It’s said that at the time of his second denunciation by Andrei Zhdanov, Dmitri Shostakovich “waited for his arrest at night, out on the landing by the lift, so that at least his family wouldn’t be disturbed.” Prior to his rehabilitation at home the composer suffered untold hardships but at least he avoided a much-feared fate that was possibly worse than death: the torturous, lonely and pain-inducing Gulag. That was indeed the fate that the Ukrainian-born Jewish composer Alexander Veprik faced after his arrest in 1950. The promised eight years of forced labour turned out to be four, but still, Veprik returned home a broken man. And the effect on his music? Amazingly, inspiringly, we can sense a lightening glow somewhere beyond darkened skies, much like Yevgeny Ukhnalyov’s wonderful painting that adorns the booklet cover for MDG’s superb all-Veprik CD, Ukhnalyov another Gulag victim, six years interred this time rather than four.
In the second of Veprik’s expertly orchestrated Two Poems, at 5:16, after a poetic opening, the composer ups the pace for some highly variegated and dramatic writing, sometimes reflecting Prokofiev, at other times Shostakovich himself, but then at 9:35, quiet but promising fanfares and whooping brass signal a valiant arrival. Could we be approaching Liberty Island (echoes of Gershwin at 11:53, and the Second Rhapsody in particular – probably coincidental – seem to suggest so), an optimistic New World being traded for the shackles of the Old, though the triumphant close recalls Shostakovich, whose Eleventh Symphony seems to hover 40 seconds into the Dances and Songs of the Ghetto, Viprek’s opus having been composed thirty years earlier. Mention of Veprik’s contemporaries (the Greek composer Skalkottas seems conspicuous by his prophetic dancing presence in this same work) brings me to Sibelius whose spirit fills the Pastorale, maybe the Hasidic Baal Shem sitting by the river Tuoni, watching the long-necked Swan signalling terrible sadness yet to come. These references to other composers are intended merely as a guide to what you might expect when listening. And then there’s the last of Five Little Pieces for Orchestra, a devastatingly simple Lento, all 3:15 of it, music that seems to encapsulate the troubled but at times comforting spirit of this quite remarkable composer. The Two Symphonic Songs are also mightily impressive.
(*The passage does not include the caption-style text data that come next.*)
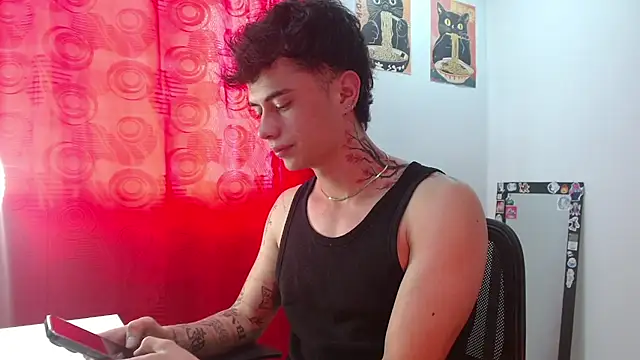 jaico santos online show from June 3, 9:09 pm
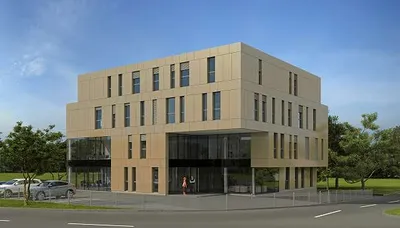 1-Zimmer-Wohnung mieten in Salzburg Stadt – 38 m², € 948 – Bild 2 von 6
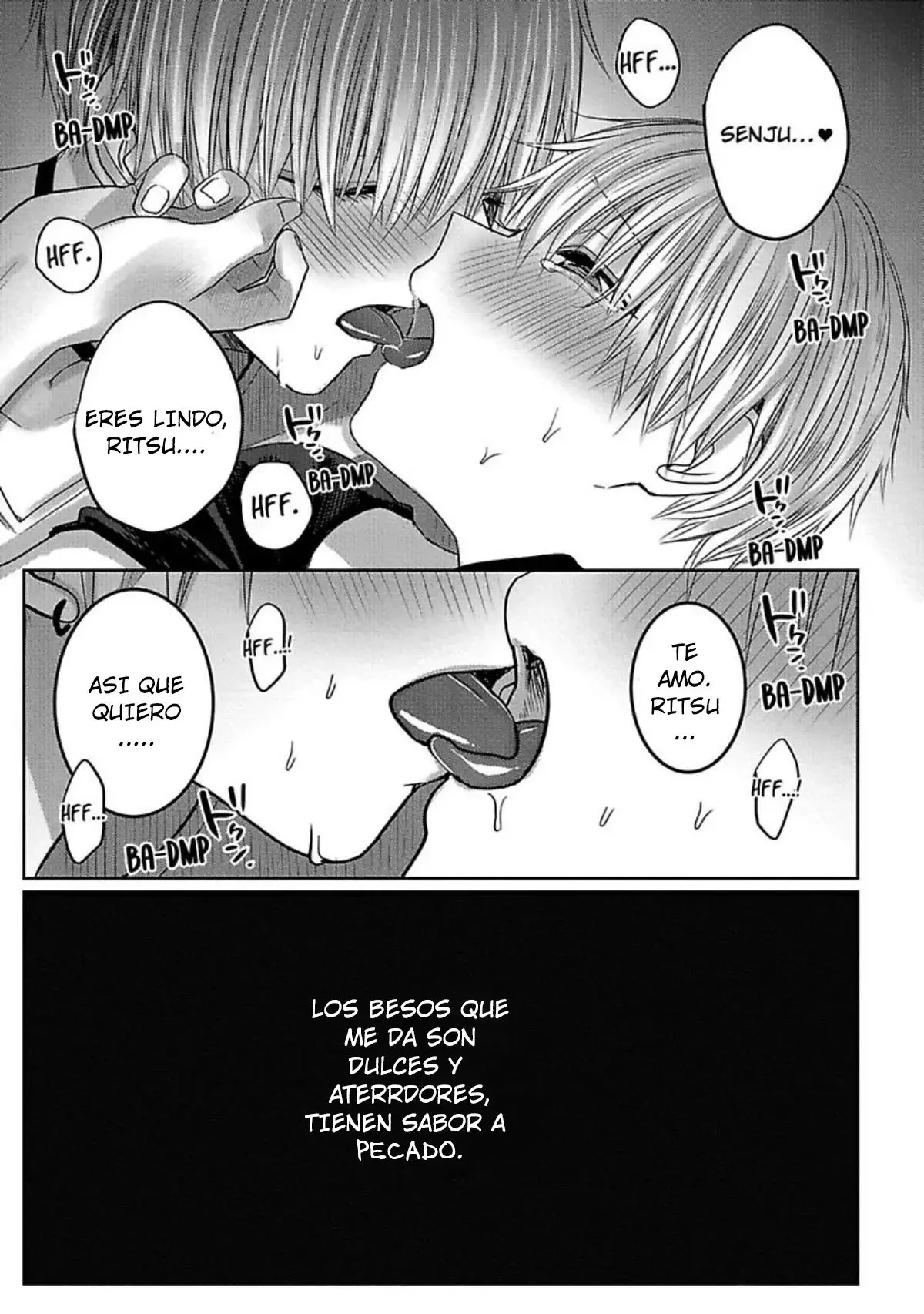 Robando a Ritsu de Nagisa (Nemurenu Yoru wa Ubai ni Kite ne) - Capítulo 4 - Página 43 - LectorTMOo
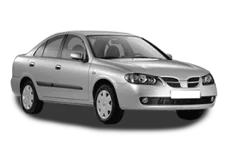 NISSAN ALMERA II (N16)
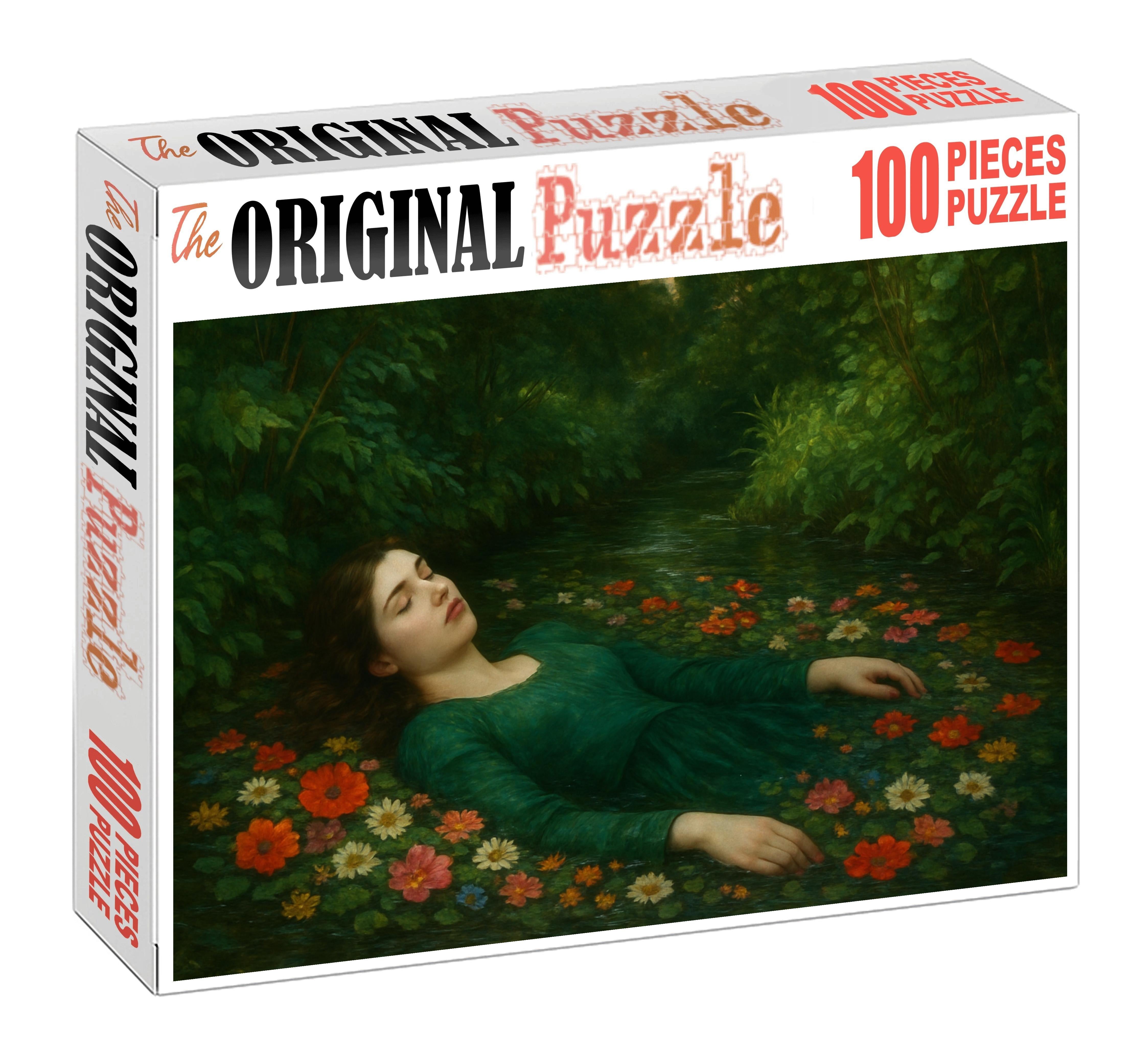Ophelia 20 Piece Puzzle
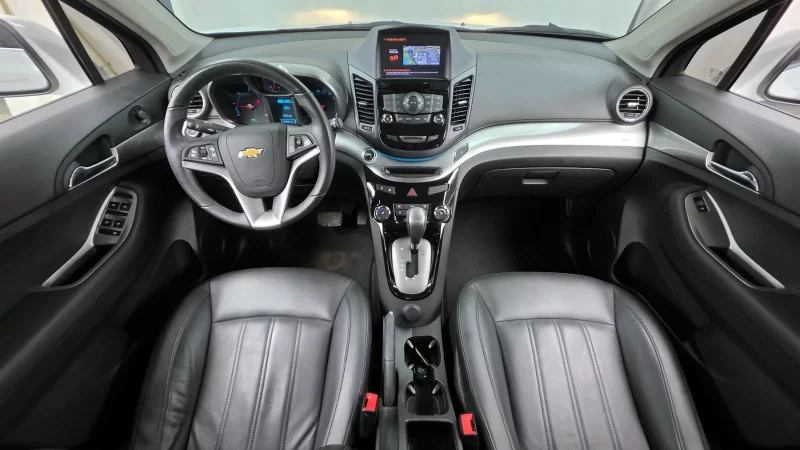 Daewoo Orlando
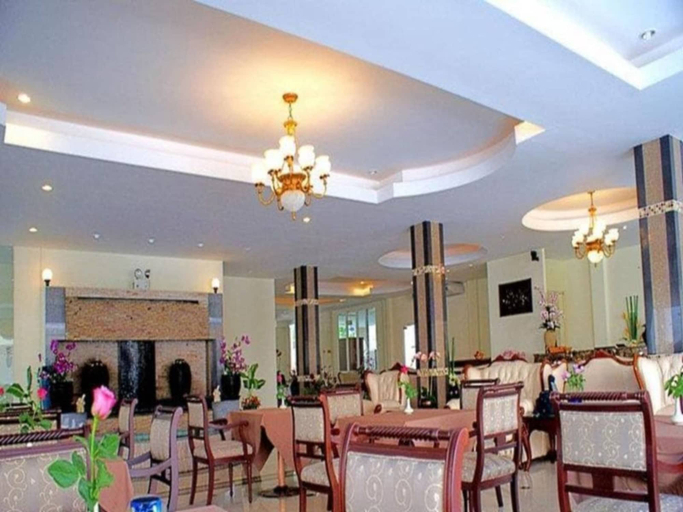 Food & Drinks 5, Eurasia Boutique Hotel, Pattaya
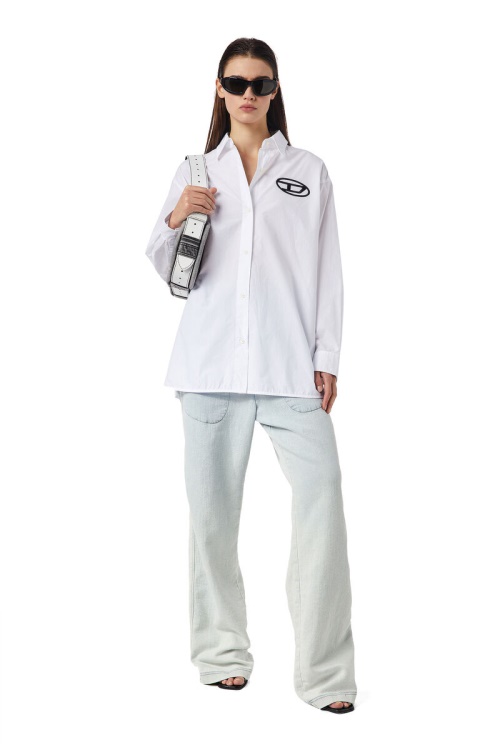 White C-Bruce-A Diesel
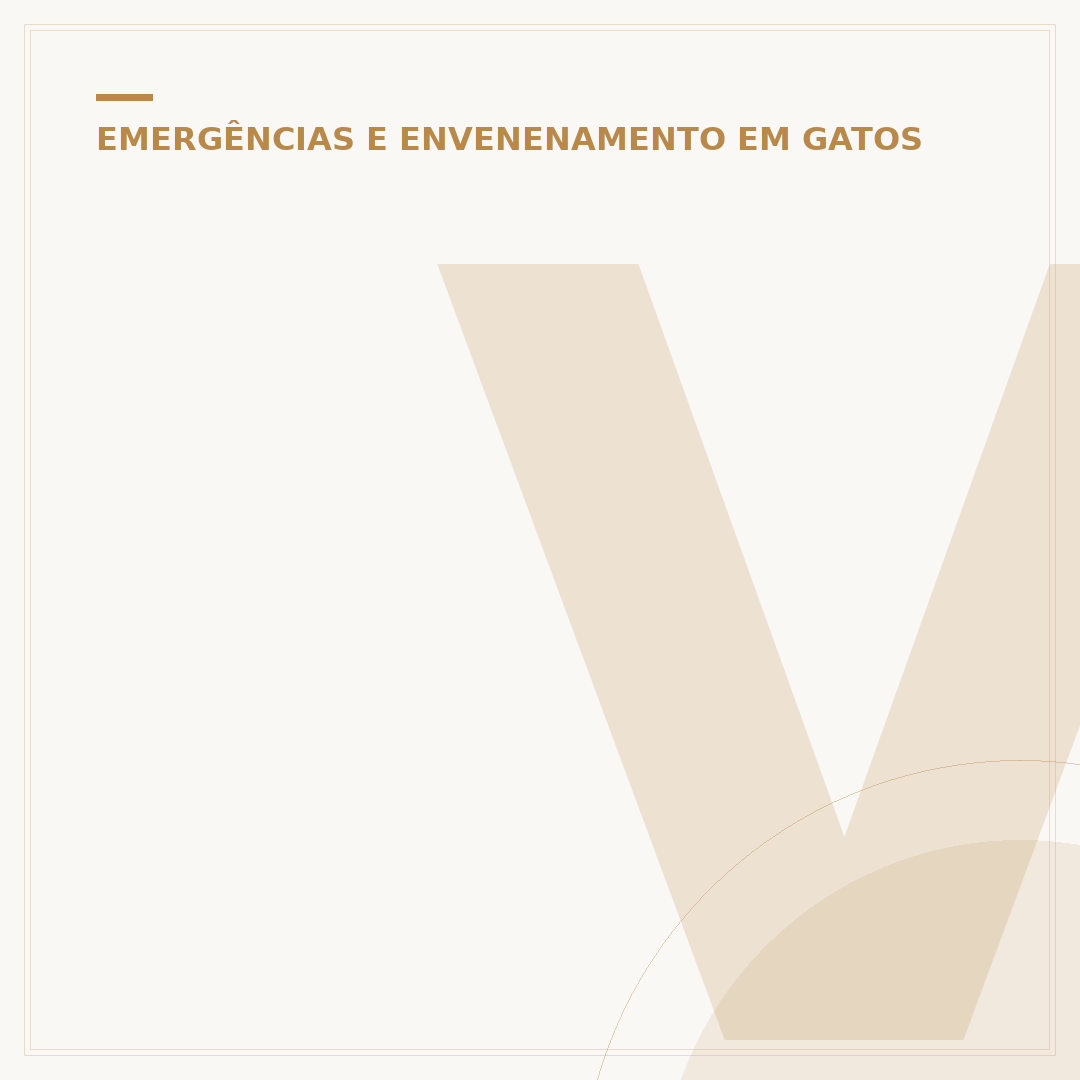 Veneno que mata gatos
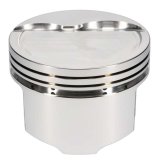 JE Pistons Ford Small Block 289/302 4.030in. Bore 1.600in. CH -14.50 CC Piston Set thumbnail 6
Look hard enough and you’ll always be able to find little-known music that appeals. But music of this quality, that seems to score the stream of life with such immense facility and level of intuition? Not in my experience. Among recent discoveries Mieczysław Weinberg is maybe the closest point of reference. Christoph-Mathias Mueller draws brilliant performances from the BBC National Orchestra of Wales, who seem committed to every note of each score. The recorded sound is first-rate and so are the booklet annotations. A potential Award-winner I’d say.